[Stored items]
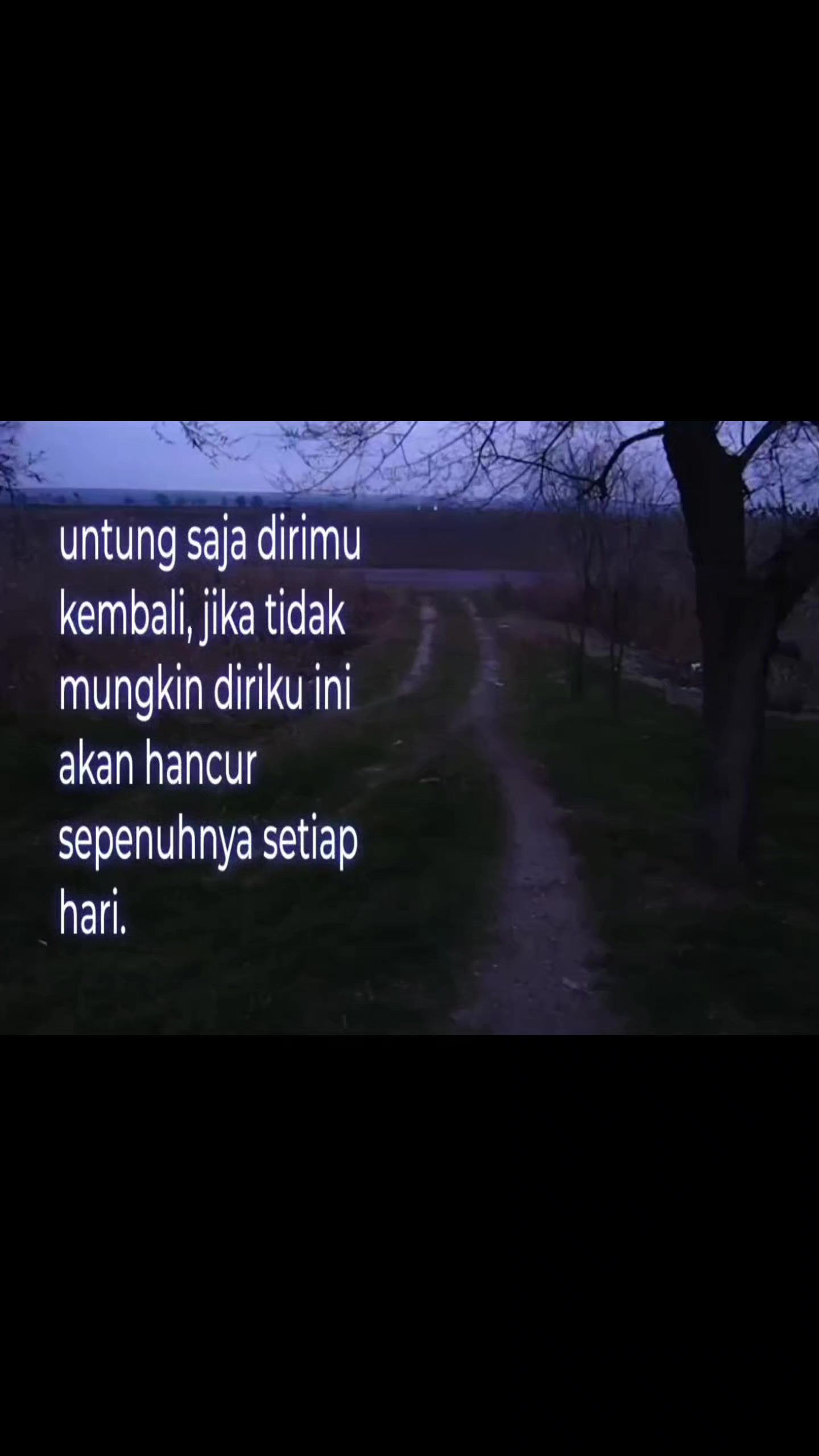 @тру́п номер4k
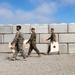 San Francisco Fleet Week: CLB-11 Marines participate in a marksmanship competition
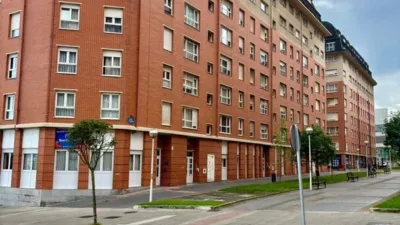Apartment on Donostia Street photo 37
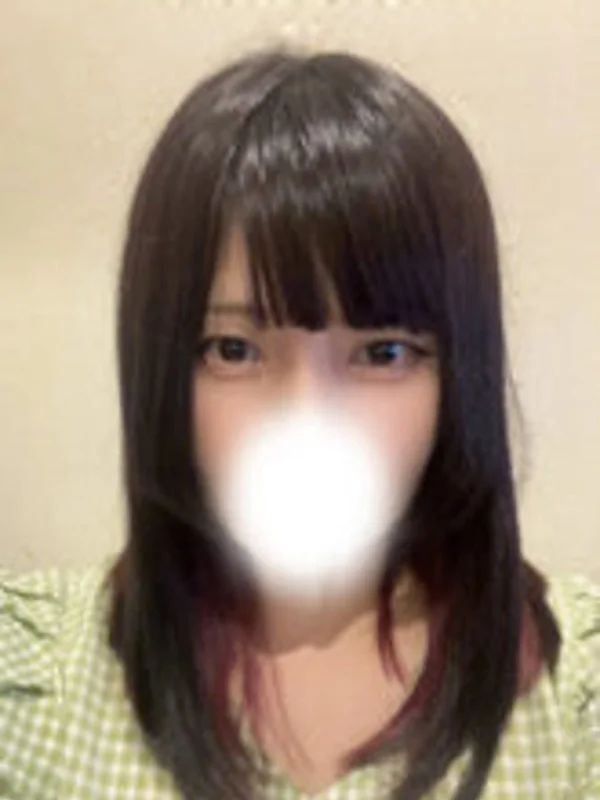 三越はづきさんの写真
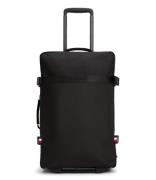 Th Nylon Travel Soft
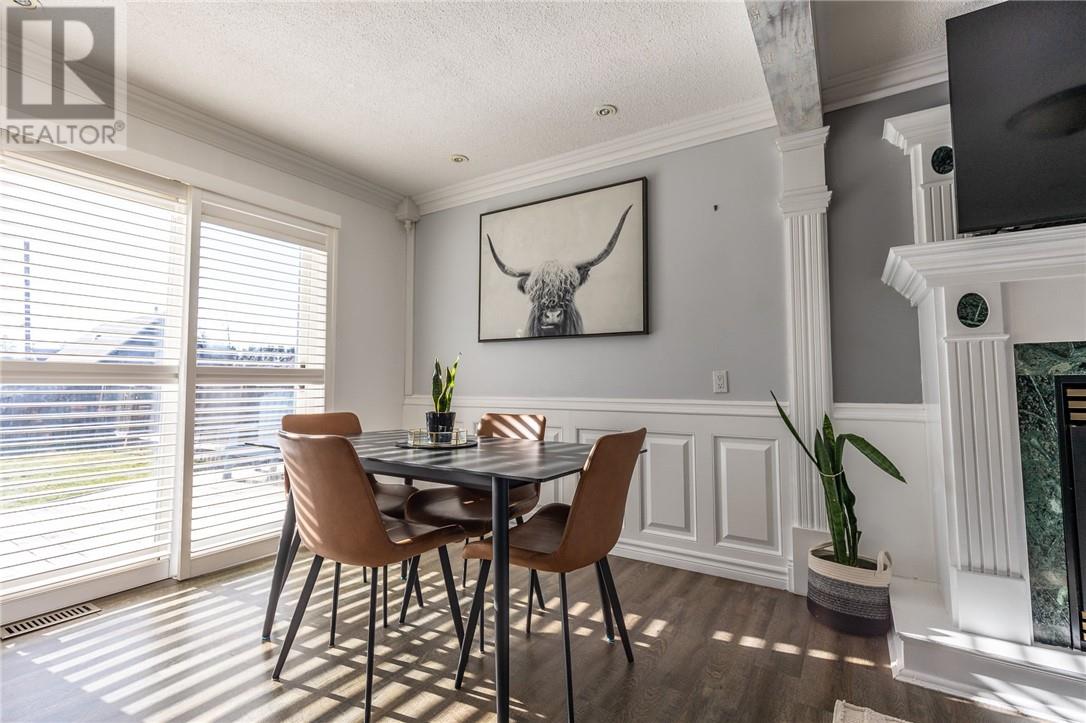 389 Algoma Street, Espanola, Ontario  P5E 1K3 - Photo 9 - 2125686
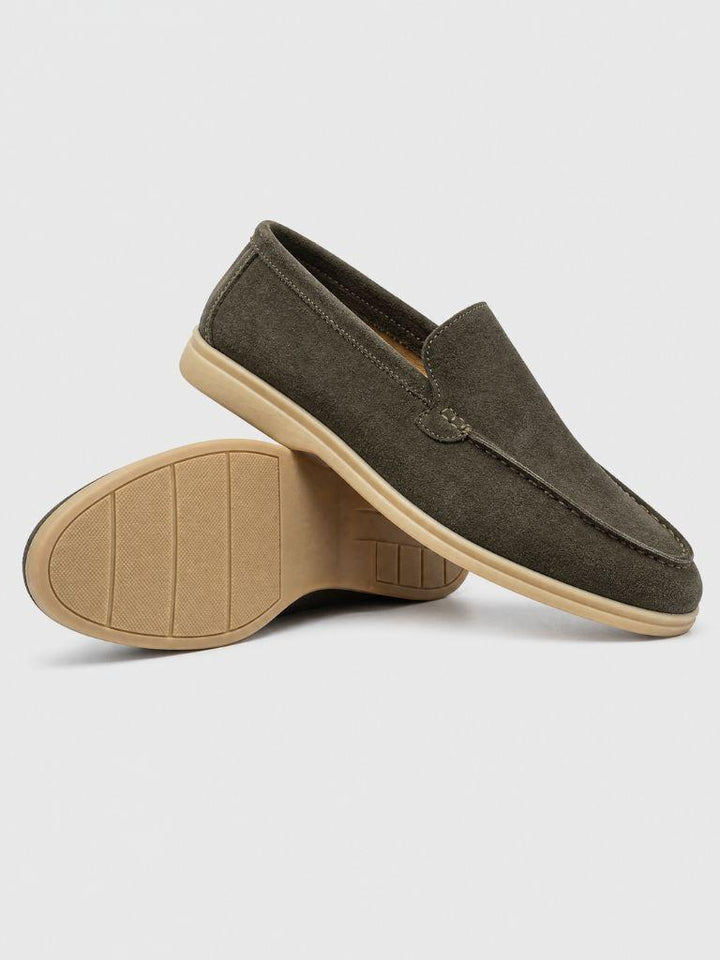Monaco Coastal Loafer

### [Task brief]
Extract precisely the lines beginning at the line containing "Apartment on Donostia Street photo 37" and ending at the last line of the entries above, exactly as written and with no pictures.

### [Completed exercise]
Apartment on Donostia Street photo 37
 三越はづきさんの写真
 Th Nylon Travel Soft
 389 Algoma Street, Espanola, Ontario  P5E 1K3 - Photo 9 - 2125686
Monaco Coastal Loafer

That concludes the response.